Ruth stepped aside and closed the door behind her. "Would you like a glass of wine?"
She hesitated before accepting and sitting in the chair opposite Ruth's, looking around the room with a careful eye. "Looks like my place," she said dryly. "Empty."
Ruth handed her a glass of wine and sat down. "Yes, I suppose it is."
They studied each other silently, judging, waiting.
"I told you once that I never apologise." Ros' face was impassive, the firelight playing over its contours like sunlight on hewn granite. "But I'm sorry."
"It was never your fault, Ros." Ruth shook her head. "But thank you."
"George," Ros said in to the silence, and noted the flicker of pain in her companion's eyes. "Did you love him?"
"Yes," she replied simply. "And Adam?"
There was a corresponding expression in the blonde's eyes. "Yes." She laughed bitterly. "Sometimes."
"He asked me to marry him."
Ros raised her head. "What did you say?"
"No."
"Why?"
Gripping the stem of her wine glass tightly, Ruth hesitated as she considered her response. "He was wonderful," she said eventually. "Sweet, attentive, intelligent, and, I think, in love with me. I just don't think I was in love with him." She blinked back tears. "And for that, he died."
"Bloody men." Ros gulped the rest of her wine. "Can't even time their deaths right." The empty glass remained poised halfway between her lips and lap. "Screw the lot of them, I say."
"Perhaps not all of them," Ruth said with a laugh.
"Become a field agent and you might have to."
There was a momentary silence.
"Rosβ"
"No." She grabbed the wine bottle and poured another glass. "It's nothing." The liquid went straight down her throat in one graceful movement and for a second she looked small and fragile, dwarfed by the big red armchair. But she flashed a hollow, frigid smile and leaned back, staring at the ceiling. "I thought you and Harry might pick up where you left off," she said in a controlled voice.
"Harry?" There was a wealth of emotion in that one word alone. "We have the shadow of death between us, now."
"Guilt," Ros asserted.
"What's in a name? The fact is that George died because I came back. Because of Harry and I. There are some things you just can't fix."
"Adam died because of me," Ros said, sudden vulnerability in her voice.
Ruth said nothing.
"I spoke to him. Distracted him. Maybe those few seconds would have given him the time he needed β maybe I should have just let him go β maybe he'd be here if I β" She broke off, digging the heels of her hands in to her eyes.
At that gesture, Ruth was at her side in a second, a hand on her arm. "I know you're strong," she said softly. "We're both strong."
"Both broken."
"But sometimes, Ros, it's okay to be weak."

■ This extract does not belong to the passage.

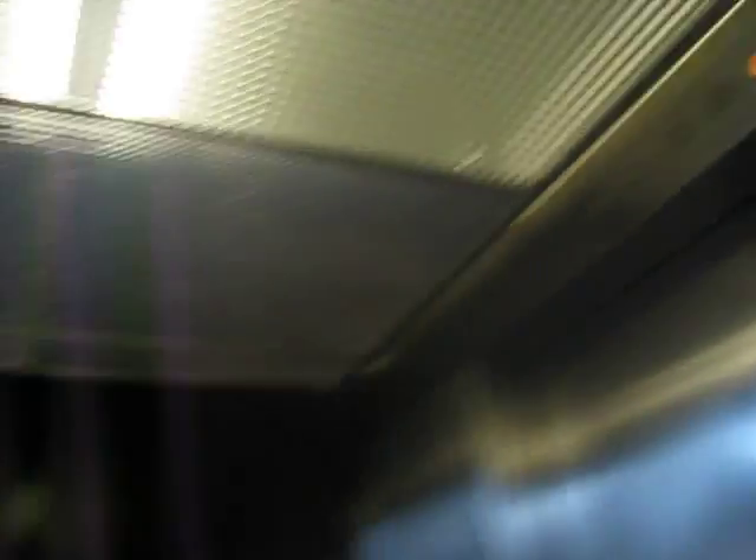Nice dinner bell. I heard the dinner bell. It's a nice elevator. Beautiful office building. The people here are very nice. We actually have permission to film this video.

She turned to look at her companion, a single tear tracing its way down an icy cheek. "Do you expect me to break down and weep like some lost child?" she asked acerbically.
Ruth almost smiled. "Of course not." She looked over at the empty bottles of wine in front of the fireplace. "But...sometimes I think us broken souls should stick together."
"Excuse me if I don't share your optimism. I've got to go." She stood abruptly, and Ruth realised she hadn't even removed her coat. "I can show myself out."
She was standing in the open doorway when she turned. "Thanks," she said simply. And then she was gone.
Ruth poured herself another glass of wine.